We have dealt with this in the past, both with respect to "death stars" -- I think we called them -- a number of years ago, in terms of the attempts by the US satellite companies to offer services in Canada, and we also dealt with it in terms of the entry of US specialty services, to bring them under the regime.
We had discussions with people across the country about the Canadian broadcasting system. One of the strongest focus groups we had was in Calgary, and one of the comments that was made was: Well, if we don't have a Canadian broadcasting system, all we are going to have is basketball. We are not going to have all the hockey that we want and need.
I also think that we have to make sure that the broadcasting system is Canadian.
Of course, you'll note that Shaw's definition of a Canadian broadcasting system is one on which most of the content is not Canadian.

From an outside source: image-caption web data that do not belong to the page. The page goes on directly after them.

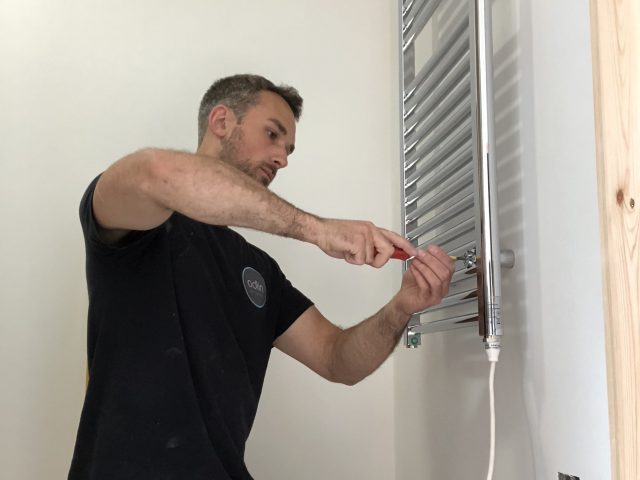 electrician installing an electrical towel rail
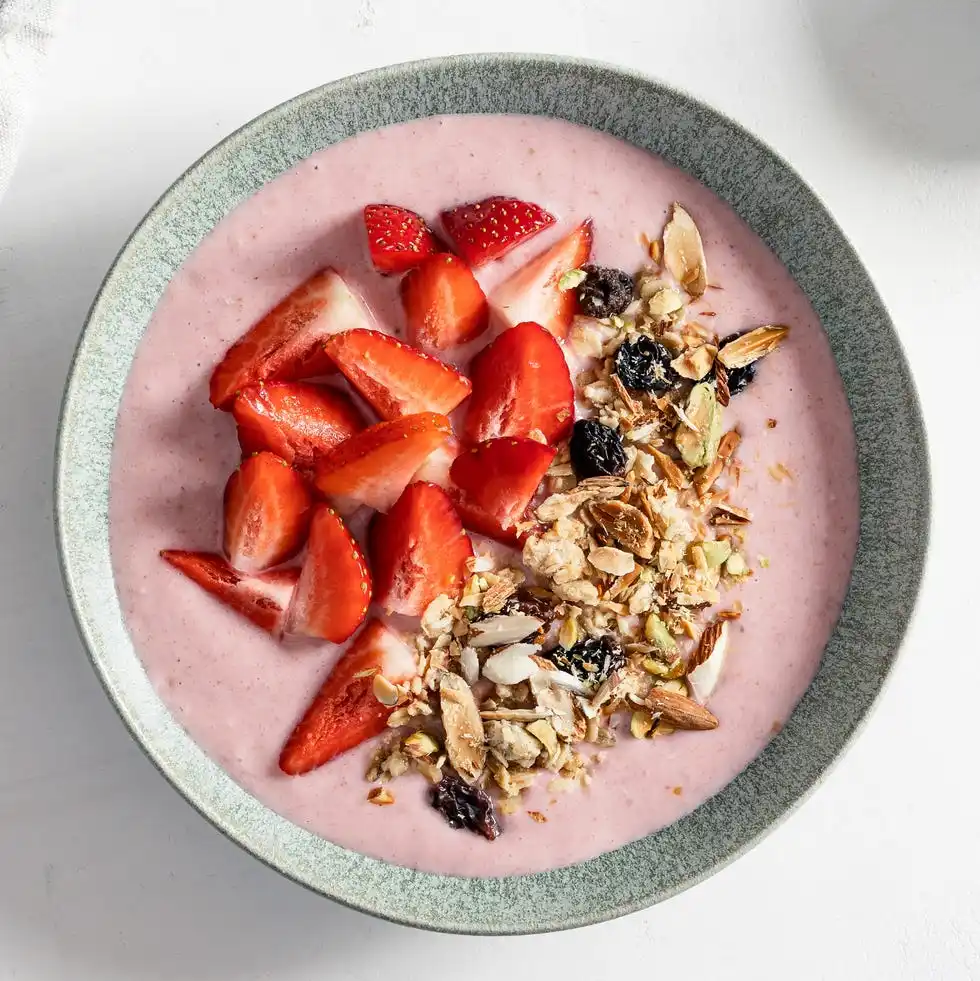 strawberry smoothie bowl with granola on white rustic table, healthy summer breakfast, high angle view
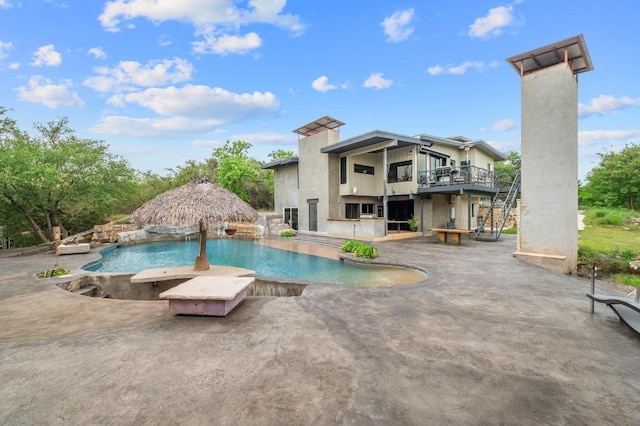 outdoor pool with a patio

And at that point Shaw's representative got on a roll about how REALLY SCARY things are about to get:
MR. ROBERTSON: I just tend to look at it and feel that they do what would seem logical: you start with a library, you move to original content, you knock out as early a window as you can possibly get a hold of, which is happening right now, and then you start making the move into live sports and news.
ABC would do it, and we would do it, and that's what you do. I would just presume that's where they are headed. I don't think they are painting any kind of a box that they are going to be comfortable staying inside.
We almost tried to talk ourselves into that when they were doing library only, but it didn't take long for us to be reconditioned that they are -- you know, they are on their way up the quality curve.
Anybody know where I can get a Grey Market Internet connection? Because as soon as Netflix goes down, they'll be going after Roku and GoogleTV and AppleTV and Youtube and -- well, pretty much anybody who offers something you used to get on television but don't have to anymore.
And, of course, most of the money Shaw earns by keeping the competition out will go to funding Canadian programming.
Excuse me. But I think it's time to walk into traffic.